These artists incorporate the Detroit nightmare into their work, but none have made images that resound with such confidence and authority as the poetic paintings of James Stephens. Ecotone, as Stephens has named his series of 12 new paintings on view at the Lemberg Gallery, “refers to a transitional area between two or more dissimilar ecosystems.” The work seduces with its kitschy, decorative dance of marvelous painting and enigmatic explorations featuring urban industrial fragments. Embedded in the formal experimentation of Stephens’ landscapes is a mix of gorgeous painterly passages, deft mark-making and an accomplished compositional vision that compresses time and space into a challenging, if not somewhat flamboyant, complex.

Stephens’ skies serve as arena-like backdrops in front of which his magic plays out. Each sky is daring and magnificently unique. In “Campsite,” clouds are dappled like a horse. His skies are a place to return to repeatedly while grappling with his invented landscapes.

A simple one-point perspective usually establishes Stephens’ small-scale works, while the larger paintings combine multiple, coalescing perspectives. Within the canopy of the sky, the artist modulates foreground with varying painterly gestures all aimed at building a moody space that translates as a forgotten world.

The centralized swath of river in “Campsite,” with its sagging dock pilings, is reminiscent of a cemetery, and the rock outcroppings in “Hammond Spring” as well as the leaning rock in “Lot 67” look especially like toppling gravestones.

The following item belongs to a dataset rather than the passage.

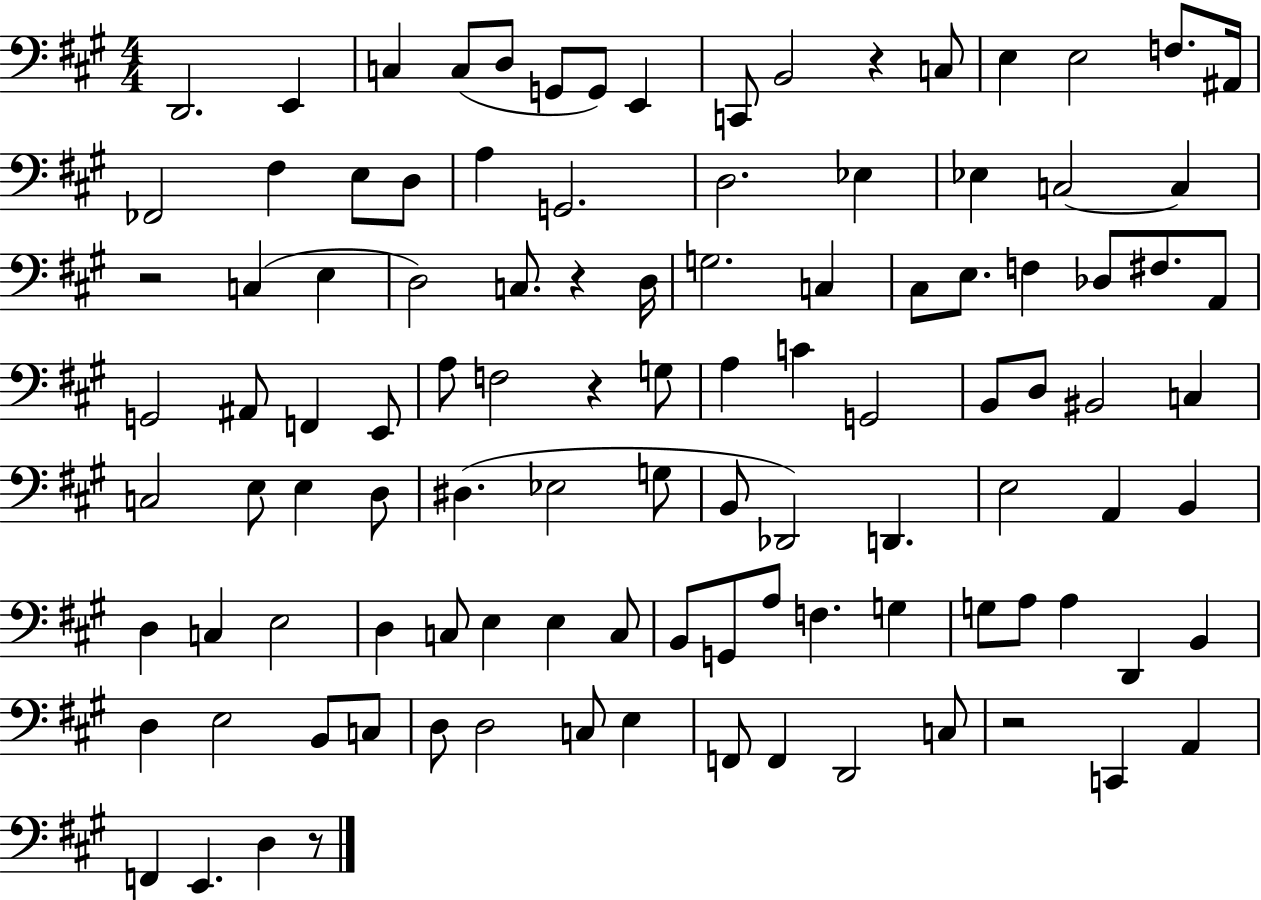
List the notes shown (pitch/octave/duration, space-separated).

D2/h. E2/q C3/q C3/e D3/e G2/e G2/e E2/q C2/e B2/h R/q C3/e E3/q E3/h F3/e. A#2/s FES2/h F#3/q E3/e D3/e A3/q G2/h. D3/h. Eb3/q Eb3/q C3/h C3/q R/h C3/q E3/q D3/h C3/e. R/q D3/s G3/h. C3/q C#3/e E3/e. F3/q Db3/e F#3/e. A2/e G2/h A#2/e F2/q E2/e A3/e F3/h R/q G3/e A3/q C4/q G2/h B2/e D3/e BIS2/h C3/q C3/h E3/e E3/q D3/e D#3/q. Eb3/h G3/e B2/e Db2/h D2/q. E3/h A2/q B2/q D3/q C3/q E3/h D3/q C3/e E3/q E3/q C3/e B2/e G2/e A3/e F3/q. G3/q G3/e A3/e A3/q D2/q B2/q D3/q E3/h B2/e C3/e D3/e D3/h C3/e E3/q F2/e F2/q D2/h C3/e R/h C2/q A2/q F2/q E2/q. D3/q R/e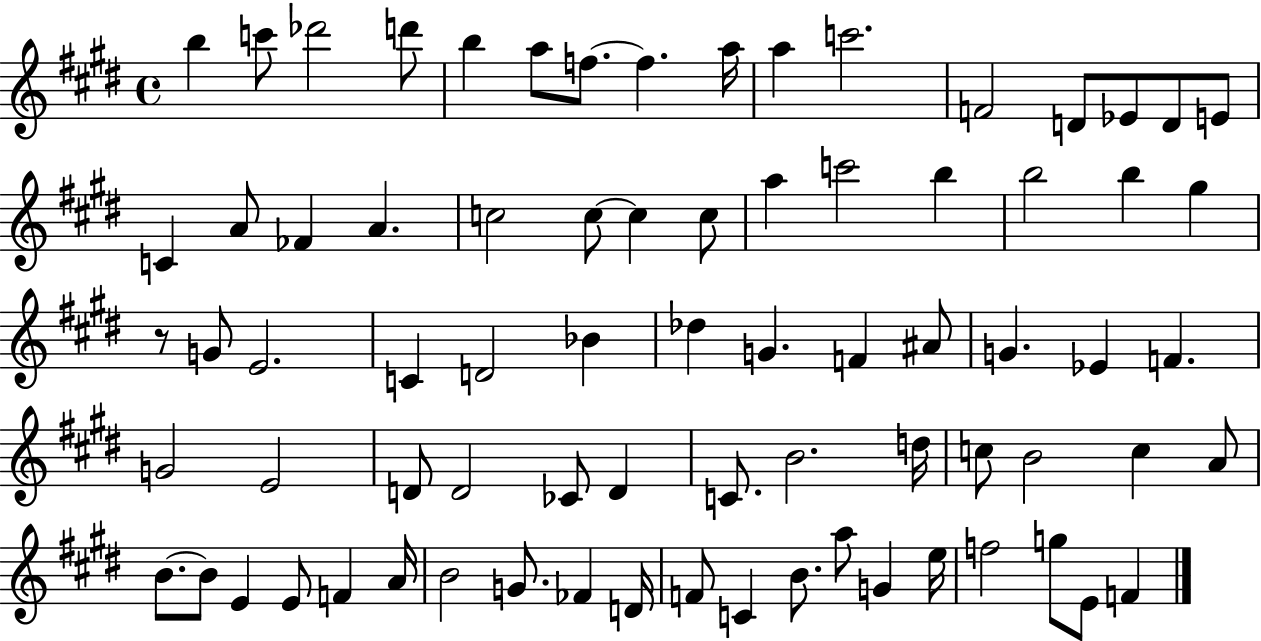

In the middle ground of Stephens’ paintings, there is a telling absence, a past that cannot be remembered or recaptured. This ethereal world, in particular, looks polluted or desiccated. The middle ground in “Bogg,” for example, is a dead wetland, and fallen pine trees punctuate the central passage of “Landscape with Toys.”

Where is nature in Stephens’ landscapes? Visually, it doesn’t exist on his canvas. But it is implied, as is the presence of people, like a civilization that existed once but disappeared. Nature exists as an idea, the signifier being a desiccated tree or a murky chemical pool. And the most beautiful Stephens’ skies seem to be hybrids of man’s insidious collaboration with nature, their coloration a combination of toxic byproducts and air. In “Borderlands,” the atmosphere is tinted a gorgeously sickening sulfurous yellow.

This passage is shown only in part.